## Exercise:
Using the listing below, return every line that includes "with".
START Material provided
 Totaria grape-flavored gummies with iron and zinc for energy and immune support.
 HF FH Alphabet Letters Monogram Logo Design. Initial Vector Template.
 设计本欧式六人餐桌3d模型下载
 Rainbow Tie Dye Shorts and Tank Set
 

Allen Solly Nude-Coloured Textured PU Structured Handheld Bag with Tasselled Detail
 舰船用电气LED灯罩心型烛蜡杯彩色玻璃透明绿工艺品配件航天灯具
END Material provided
START Material provided
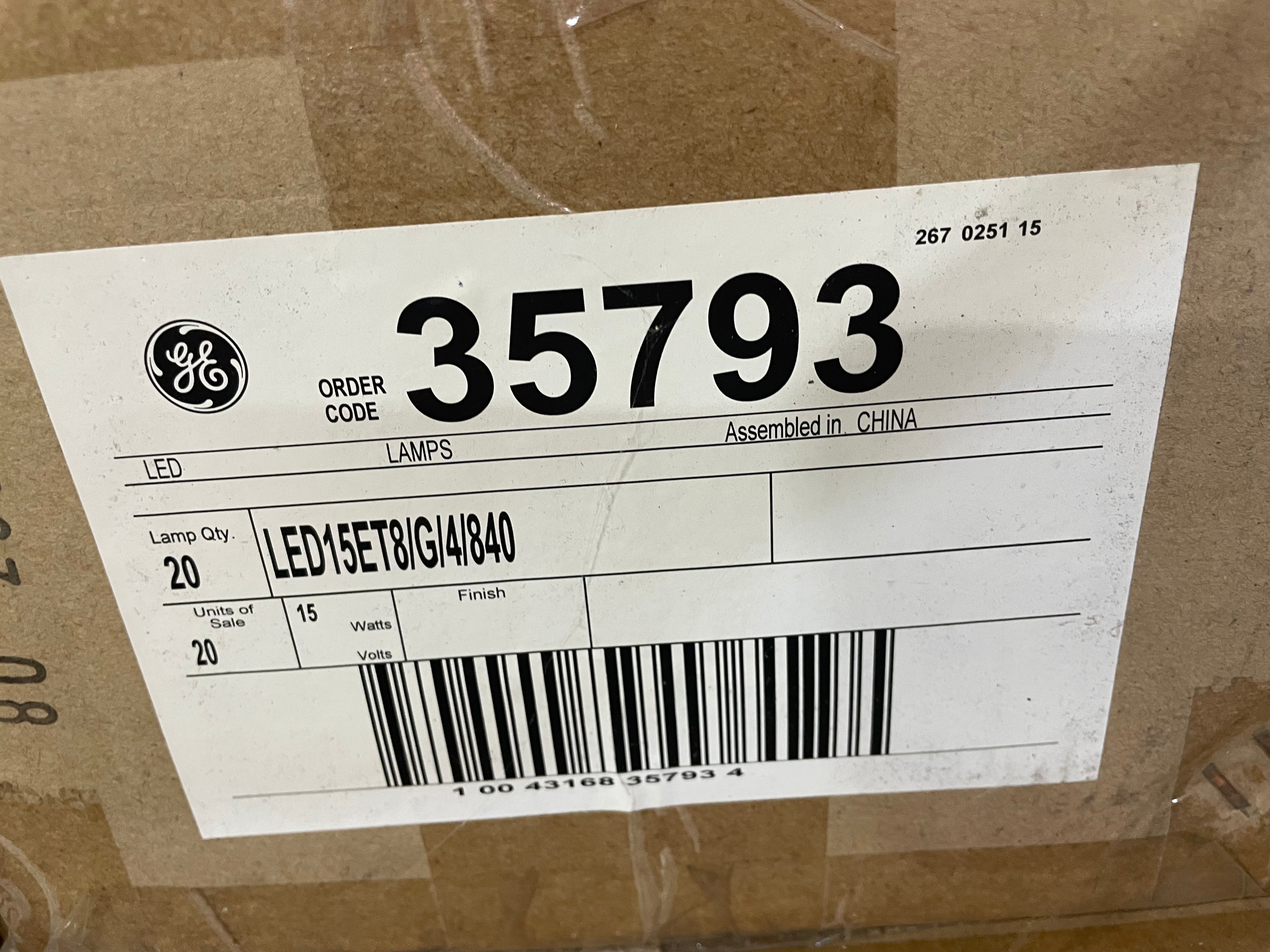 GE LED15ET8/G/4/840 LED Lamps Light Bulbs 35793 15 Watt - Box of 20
END Material provided
## Solution to the problem:
 Totaria grape-flavored gummies with iron and zinc for energy and immune support.
Allen Solly Nude-Coloured Textured PU Structured Handheld Bag with Tasselled Detail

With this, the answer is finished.